Directions
Transcribe the listing from its top line through the line with "11 Fishermans Drive, Port". Keep it exact, both ends included, and add nothing.
[Supplied data]
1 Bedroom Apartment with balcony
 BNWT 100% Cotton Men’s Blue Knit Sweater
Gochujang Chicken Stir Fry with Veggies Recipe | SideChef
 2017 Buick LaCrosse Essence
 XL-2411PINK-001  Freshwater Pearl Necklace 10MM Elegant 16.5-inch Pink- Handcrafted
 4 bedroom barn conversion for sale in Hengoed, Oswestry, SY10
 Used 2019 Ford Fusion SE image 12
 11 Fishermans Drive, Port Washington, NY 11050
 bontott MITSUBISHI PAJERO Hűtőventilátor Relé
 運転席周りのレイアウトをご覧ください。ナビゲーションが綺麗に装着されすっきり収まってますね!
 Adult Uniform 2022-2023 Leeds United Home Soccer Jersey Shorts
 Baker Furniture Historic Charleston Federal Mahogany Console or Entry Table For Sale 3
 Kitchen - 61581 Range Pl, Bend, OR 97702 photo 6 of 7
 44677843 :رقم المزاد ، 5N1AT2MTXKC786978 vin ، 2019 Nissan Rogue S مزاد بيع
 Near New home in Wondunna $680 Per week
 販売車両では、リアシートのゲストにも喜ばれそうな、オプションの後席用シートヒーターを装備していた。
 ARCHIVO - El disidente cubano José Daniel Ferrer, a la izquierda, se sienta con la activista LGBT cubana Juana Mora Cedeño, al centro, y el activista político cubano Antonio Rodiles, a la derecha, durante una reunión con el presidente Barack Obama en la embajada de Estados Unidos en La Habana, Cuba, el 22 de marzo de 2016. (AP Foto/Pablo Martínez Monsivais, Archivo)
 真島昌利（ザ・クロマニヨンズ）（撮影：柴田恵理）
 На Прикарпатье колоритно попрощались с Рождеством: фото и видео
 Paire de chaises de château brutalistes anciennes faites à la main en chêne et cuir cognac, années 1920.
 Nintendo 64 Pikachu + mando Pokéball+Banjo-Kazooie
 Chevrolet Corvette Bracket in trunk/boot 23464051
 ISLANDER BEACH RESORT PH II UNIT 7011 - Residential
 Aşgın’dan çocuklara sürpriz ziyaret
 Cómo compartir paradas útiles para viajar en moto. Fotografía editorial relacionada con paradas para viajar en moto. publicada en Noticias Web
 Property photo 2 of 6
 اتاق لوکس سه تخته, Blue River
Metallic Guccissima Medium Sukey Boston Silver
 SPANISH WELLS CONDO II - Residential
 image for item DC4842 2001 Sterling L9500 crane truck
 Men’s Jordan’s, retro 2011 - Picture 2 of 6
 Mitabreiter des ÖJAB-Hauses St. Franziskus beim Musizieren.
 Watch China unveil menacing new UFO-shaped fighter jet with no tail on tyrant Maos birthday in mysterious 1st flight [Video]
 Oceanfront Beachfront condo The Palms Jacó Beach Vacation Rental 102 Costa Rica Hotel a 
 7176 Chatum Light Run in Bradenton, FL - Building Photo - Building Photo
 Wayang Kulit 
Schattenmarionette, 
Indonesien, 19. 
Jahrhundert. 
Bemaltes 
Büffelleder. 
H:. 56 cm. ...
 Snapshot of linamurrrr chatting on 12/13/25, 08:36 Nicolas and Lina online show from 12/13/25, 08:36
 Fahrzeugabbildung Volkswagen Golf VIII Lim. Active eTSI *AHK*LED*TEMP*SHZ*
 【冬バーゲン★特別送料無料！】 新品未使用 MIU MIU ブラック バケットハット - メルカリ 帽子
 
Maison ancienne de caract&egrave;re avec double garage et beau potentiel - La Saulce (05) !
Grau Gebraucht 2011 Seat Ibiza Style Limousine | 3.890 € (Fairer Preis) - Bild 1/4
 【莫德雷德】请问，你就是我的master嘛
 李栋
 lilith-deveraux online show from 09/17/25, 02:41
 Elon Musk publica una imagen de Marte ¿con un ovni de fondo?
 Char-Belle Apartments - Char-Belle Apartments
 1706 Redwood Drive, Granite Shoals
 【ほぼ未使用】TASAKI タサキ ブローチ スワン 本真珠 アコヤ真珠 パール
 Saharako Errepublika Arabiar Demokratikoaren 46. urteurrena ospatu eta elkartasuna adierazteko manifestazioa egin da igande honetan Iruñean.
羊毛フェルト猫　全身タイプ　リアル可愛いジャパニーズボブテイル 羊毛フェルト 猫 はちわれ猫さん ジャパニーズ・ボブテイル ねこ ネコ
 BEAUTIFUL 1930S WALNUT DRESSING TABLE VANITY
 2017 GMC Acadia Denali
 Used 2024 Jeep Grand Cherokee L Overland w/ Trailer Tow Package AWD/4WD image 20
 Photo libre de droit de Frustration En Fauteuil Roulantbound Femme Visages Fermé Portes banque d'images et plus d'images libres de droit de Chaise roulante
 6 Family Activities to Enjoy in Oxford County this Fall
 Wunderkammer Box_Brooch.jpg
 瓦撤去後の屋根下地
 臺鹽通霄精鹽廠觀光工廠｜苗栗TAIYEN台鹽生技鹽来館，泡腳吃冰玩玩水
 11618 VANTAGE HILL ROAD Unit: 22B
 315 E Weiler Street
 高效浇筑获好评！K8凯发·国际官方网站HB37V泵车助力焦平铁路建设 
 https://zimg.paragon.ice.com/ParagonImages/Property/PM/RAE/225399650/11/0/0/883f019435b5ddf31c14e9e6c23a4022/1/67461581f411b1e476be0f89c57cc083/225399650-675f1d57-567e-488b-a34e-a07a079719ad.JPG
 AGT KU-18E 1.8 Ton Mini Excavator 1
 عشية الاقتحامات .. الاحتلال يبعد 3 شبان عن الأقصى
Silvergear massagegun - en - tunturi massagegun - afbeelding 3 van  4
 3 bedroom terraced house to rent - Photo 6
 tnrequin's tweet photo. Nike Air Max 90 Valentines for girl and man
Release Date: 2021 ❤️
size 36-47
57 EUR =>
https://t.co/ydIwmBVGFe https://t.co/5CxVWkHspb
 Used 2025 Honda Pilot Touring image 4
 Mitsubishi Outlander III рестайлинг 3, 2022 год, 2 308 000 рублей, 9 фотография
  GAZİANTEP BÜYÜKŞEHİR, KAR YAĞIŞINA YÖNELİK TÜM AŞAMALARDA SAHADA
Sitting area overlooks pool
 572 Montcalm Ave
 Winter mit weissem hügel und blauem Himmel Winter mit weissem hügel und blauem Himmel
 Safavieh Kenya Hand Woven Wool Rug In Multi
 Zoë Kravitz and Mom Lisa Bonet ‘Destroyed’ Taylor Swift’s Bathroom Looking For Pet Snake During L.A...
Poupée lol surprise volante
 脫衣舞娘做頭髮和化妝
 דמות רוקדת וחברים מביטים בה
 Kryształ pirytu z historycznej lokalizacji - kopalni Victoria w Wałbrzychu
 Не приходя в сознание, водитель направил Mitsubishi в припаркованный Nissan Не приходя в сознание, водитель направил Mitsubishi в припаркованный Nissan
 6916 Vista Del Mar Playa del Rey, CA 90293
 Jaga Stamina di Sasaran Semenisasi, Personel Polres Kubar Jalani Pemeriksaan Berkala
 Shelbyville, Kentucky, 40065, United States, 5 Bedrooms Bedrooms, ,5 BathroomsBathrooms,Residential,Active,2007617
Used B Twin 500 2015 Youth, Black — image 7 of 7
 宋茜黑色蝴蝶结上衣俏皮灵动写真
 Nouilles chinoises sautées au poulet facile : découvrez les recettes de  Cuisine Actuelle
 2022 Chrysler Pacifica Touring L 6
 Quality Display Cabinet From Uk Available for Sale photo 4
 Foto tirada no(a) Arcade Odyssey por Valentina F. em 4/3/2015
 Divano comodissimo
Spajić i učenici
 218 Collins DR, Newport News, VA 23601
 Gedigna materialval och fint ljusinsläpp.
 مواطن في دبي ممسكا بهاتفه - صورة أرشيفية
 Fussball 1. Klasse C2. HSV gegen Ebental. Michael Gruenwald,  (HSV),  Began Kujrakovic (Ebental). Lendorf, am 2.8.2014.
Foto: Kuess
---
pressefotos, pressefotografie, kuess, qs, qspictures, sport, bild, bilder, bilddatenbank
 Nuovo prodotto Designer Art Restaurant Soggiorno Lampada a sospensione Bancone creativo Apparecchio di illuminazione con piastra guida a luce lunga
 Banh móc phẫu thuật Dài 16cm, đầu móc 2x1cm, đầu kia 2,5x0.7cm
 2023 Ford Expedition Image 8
[/Supplied data]
Task response
1 Bedroom Apartment with balcony
 BNWT 100% Cotton Men’s Blue Knit Sweater
Gochujang Chicken Stir Fry with Veggies Recipe | SideChef
 2017 Buick LaCrosse Essence
 XL-2411PINK-001  Freshwater Pearl Necklace 10MM Elegant 16.5-inch Pink- Handcrafted
 4 bedroom barn conversion for sale in Hengoed, Oswestry, SY10
 Used 2019 Ford Fusion SE image 12
 11 Fishermans Drive, Port Washington, NY 11050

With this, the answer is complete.